Approach
One of the missions of RR\ID is to accelerate peer review of infectious disease research across a wide range of disciplines and deliver almost-real-time, dependable scientific information that policymakers, scholars, and health leaders can use. We do this by soliciting rapid peer reviews of time-sensitive and interesting preprints, which are then published online and linked to the preprint servers that host the manuscripts.
This is a new take on traditional peer review. RR\ID is trying to balance the need for rigor with the need for rapid responses. Of reviewers, the time for each review will vary based on the preprint and the reviewer. The general question we are asking reviewers is whether a preprint is reliable and trustworthy. Should the preprint be taken seriously or not? Are the findings strong and reliable? If not, and if the preprint is not informative or even misleading, what are the implications? How might the range of evidence and ideas presented or asserted by the main claims of each preprint—whether good, bad, or neither—be used to further our knowledge in fighting the pandemics and other emerging global infections?
We do expect that each manuscript is read carefully and critiqued on it’s strength of evidence. By participating, reviewers will support an innovative research review model created in response to the dire need within the research community to accelerate peer review for the daily influx of COVID-19-related preprints from around the world, across many disciplines. RR:C19 uses machine learning and a network of scholars to identify important preprints that are posted across pre-print servers such as medRxiv, bioRxiv, SSRN, and other repositories of articles that have yet to be peer-reviewed.
An underlying value of RR\ID is transparency and reliability. Each review will be published online and assigned a DOI, making the work fully citable and claimable on reviewers’ ORCID and Publons accounts. Our standard practice is to publish the reviewers’ full names and affiliations, although we will allow reviewers to publish their review anonymously, upon request.
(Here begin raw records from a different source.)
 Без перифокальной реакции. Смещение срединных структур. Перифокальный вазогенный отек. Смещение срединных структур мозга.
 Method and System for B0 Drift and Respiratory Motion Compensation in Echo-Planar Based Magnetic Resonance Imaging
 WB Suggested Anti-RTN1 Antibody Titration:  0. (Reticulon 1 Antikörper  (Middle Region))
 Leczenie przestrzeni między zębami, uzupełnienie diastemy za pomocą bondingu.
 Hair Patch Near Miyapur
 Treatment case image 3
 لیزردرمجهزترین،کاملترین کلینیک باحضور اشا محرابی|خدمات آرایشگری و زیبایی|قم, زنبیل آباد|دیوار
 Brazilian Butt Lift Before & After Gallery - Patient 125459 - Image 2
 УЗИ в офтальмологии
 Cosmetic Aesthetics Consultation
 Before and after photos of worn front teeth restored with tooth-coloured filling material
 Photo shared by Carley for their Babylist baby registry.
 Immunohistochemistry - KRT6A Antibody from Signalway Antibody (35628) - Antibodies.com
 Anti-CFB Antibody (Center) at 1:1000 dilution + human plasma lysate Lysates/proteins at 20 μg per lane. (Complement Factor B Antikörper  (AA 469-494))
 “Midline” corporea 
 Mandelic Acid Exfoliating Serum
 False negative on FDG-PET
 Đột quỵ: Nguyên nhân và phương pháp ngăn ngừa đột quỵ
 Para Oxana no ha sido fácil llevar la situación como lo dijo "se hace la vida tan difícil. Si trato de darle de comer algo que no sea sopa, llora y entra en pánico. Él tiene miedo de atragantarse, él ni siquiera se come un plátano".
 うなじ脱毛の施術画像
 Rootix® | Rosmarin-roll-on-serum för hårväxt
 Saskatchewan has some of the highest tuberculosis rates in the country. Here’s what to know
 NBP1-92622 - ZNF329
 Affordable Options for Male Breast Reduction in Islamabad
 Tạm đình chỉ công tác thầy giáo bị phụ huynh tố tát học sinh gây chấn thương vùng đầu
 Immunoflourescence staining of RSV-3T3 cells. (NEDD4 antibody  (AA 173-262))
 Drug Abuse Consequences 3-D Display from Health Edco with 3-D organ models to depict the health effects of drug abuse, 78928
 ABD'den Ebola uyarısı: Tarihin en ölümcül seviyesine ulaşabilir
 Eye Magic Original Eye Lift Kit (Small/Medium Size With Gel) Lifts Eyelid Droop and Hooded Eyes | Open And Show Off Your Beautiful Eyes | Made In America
Given our desire to rapidly turn-around preprints, especially those that are already being referenced in the media or by the scientific community, we hope to have reviewers let us know if they’re available to review as soon as possible. We would like for the rapid review to be completed within a month, ideally when there are at least two peer reviews. We encourage reviewers to work with a colleague, graduate student, or post doc (with appropriate credit) to help prepare the review, if desired. We do our best to avoid inviting reviewers with likely conflicts of interest with the authors but also ask all reviewers to notify us of any potential conflicts of interest.
We are working actively with our editorial board, our reviewers, peer-review academic experts and the MIT Press in improving the rigor, speed and reviewer experience of our peer-review process. We are exploring how we can provide information from our screeners to the reviewers; how we might link reviewers to journalists writing about new findings; and how we might incorporate audio and video into the peer review process and any subsequent scientific debates about the reported findings.
Whether contributing to this effort as a screener, peer-reviewer, or adviser, we aim to help build solid, peer-reviewed scientific knowledge about the coronavirus and stem the proliferation of unverified research, which can be misused, misinterpreted, and acted upon in ways that could be (and have been) dangerous for our global community.